If you have lots of contacts in Outlook and want them moved to Thunderbird, too, they need to be moved separately in order to get all of the information them moved over completely. To do that, start up Outlook and go to the File menu, and select Export and then Address Book. Select “Text File (Comma Separated Values)” and click “Export.” Call it “exportedcontacts” or something you’ll remember and browse tot he desktop and save it there. Select all the fields you want to export and click “Finish.”
Then download Thunderbird and install it on your Windows PC. (You’ll need to be in an administer account to install software).

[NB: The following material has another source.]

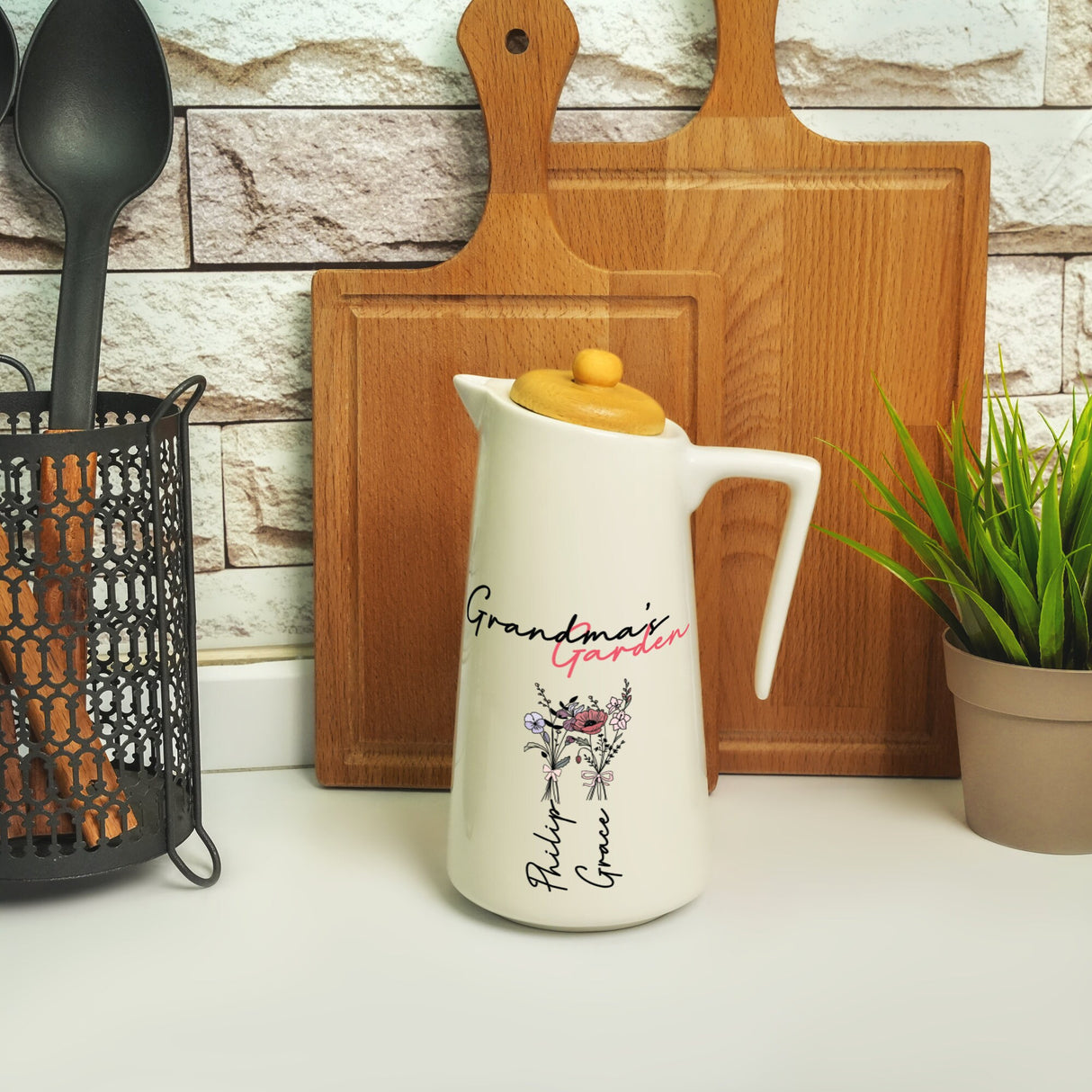 a white pitcher sitting on top of a counter next to a potted plant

When Thunderbird asks what kind of installation you want – Standard or Custom – select Standard, and also check the box that asks if you want to use Thunderbird as your default email program.

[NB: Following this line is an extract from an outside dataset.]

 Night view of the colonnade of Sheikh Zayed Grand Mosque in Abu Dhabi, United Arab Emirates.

When it’s done installing, tick the box that says “Launch Mozilla Thunderbird Now.” The next box will ask you to import “Settings and Mail Folders,” so select Outlook or Outlook Express. Depending on how much email you have, it might take a few minutes. If Thunderbird doesn’t ask to import email, the go to Thunderbird >> Tools >> Import and select “Mail”. Select Outlook, and all your Outlook mail will be imported.
Once the import into Thunderbird is done and you see your email, you can quit Thunderbird and get ready to move your new Thunderbird email boxes to the iMac. From this point forward, don’t startup Outlook or Thunderbird on Windows, or you could end up with new email on your PC and not on your iMac.
You need to find your mailboxes in Windows, so if you installed as an administrator, look in C:\Documents and Settings\Administrator\Application Data\Thunderbird\Profiles\ and you’ll find a folder with a randomly generated string of letters. That’s your Thunderbird email profile folder.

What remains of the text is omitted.